> Problem statement
Without any pictures, retype exactly the lines that begin at the one holding "Oil Filter +" and end at the last line of the data below.

> Dataset content
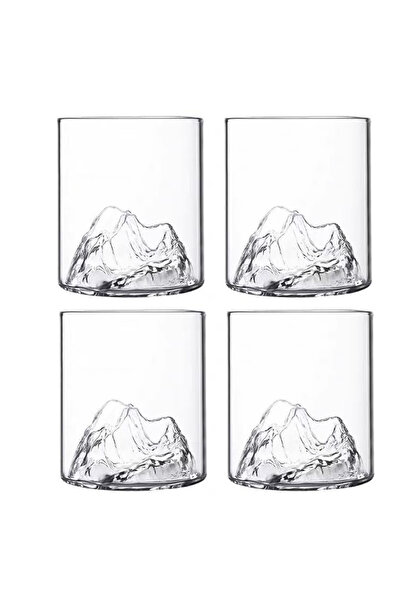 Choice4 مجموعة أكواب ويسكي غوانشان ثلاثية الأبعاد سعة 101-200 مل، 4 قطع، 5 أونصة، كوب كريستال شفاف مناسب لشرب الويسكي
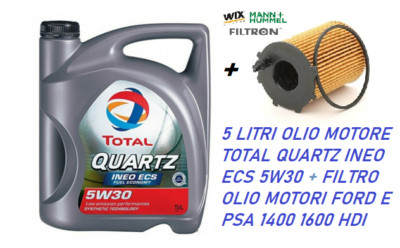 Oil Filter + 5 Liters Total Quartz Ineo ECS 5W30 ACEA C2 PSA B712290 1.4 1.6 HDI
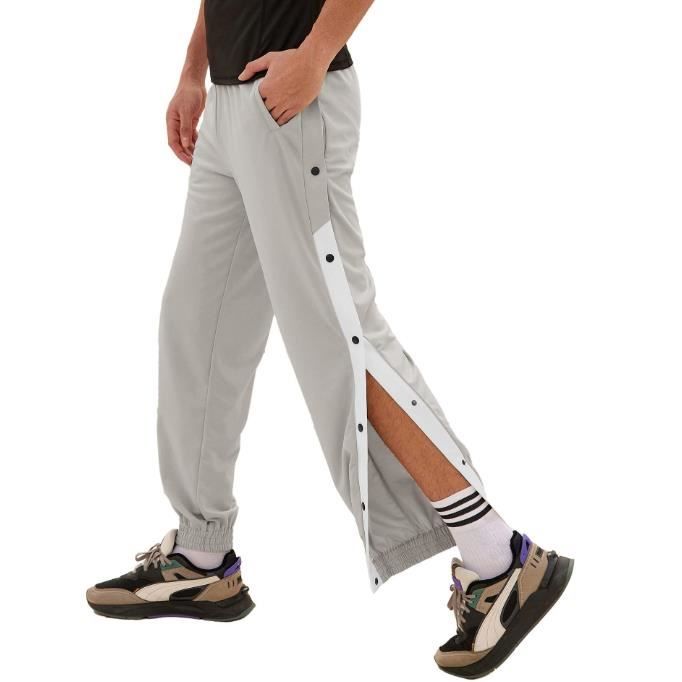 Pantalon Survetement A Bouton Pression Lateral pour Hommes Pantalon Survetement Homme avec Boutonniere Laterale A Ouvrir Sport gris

> Answer below
 Oil Filter + 5 Liters Total Quartz Ineo ECS 5W30 ACEA C2 PSA B712290 1.4 1.6 HDI
 Pantalon Survetement A Bouton Pression Lateral pour Hommes Pantalon Survetement Homme avec Boutonniere Laterale A Ouvrir Sport gris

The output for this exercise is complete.